*INSTRUCTIONS FOR THE TASK*.
For the material that follows, return exactly the lines from the one with "25037102_Kendall-Jenner-pumping-gas--19." through the one with "USAs utenriksminister Marco", both ends included.

*GIVEN RECORDS*.
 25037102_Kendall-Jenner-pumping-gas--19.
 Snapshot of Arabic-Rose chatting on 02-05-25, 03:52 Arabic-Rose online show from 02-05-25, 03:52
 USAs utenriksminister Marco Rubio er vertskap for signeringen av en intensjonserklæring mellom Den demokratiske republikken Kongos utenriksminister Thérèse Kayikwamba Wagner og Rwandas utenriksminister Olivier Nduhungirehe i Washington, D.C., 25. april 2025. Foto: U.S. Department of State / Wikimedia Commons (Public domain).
---
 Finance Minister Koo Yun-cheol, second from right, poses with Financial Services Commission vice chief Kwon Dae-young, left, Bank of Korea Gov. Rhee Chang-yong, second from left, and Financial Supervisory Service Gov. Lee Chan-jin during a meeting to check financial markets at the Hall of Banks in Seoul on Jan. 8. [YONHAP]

*RESPONSE TO THIS TASK*.
 25037102_Kendall-Jenner-pumping-gas--19.
 Snapshot of Arabic-Rose chatting on 02-05-25, 03:52 Arabic-Rose online show from 02-05-25, 03:52
 USAs utenriksminister Marco Rubio er vertskap for signeringen av en intensjonserklæring mellom Den demokratiske republikken Kongos utenriksminister Thérèse Kayikwamba Wagner og Rwandas utenriksminister Olivier Nduhungirehe i Washington, D.C., 25. april 2025. Foto: U.S. Department of State / Wikimedia Commons (Public domain).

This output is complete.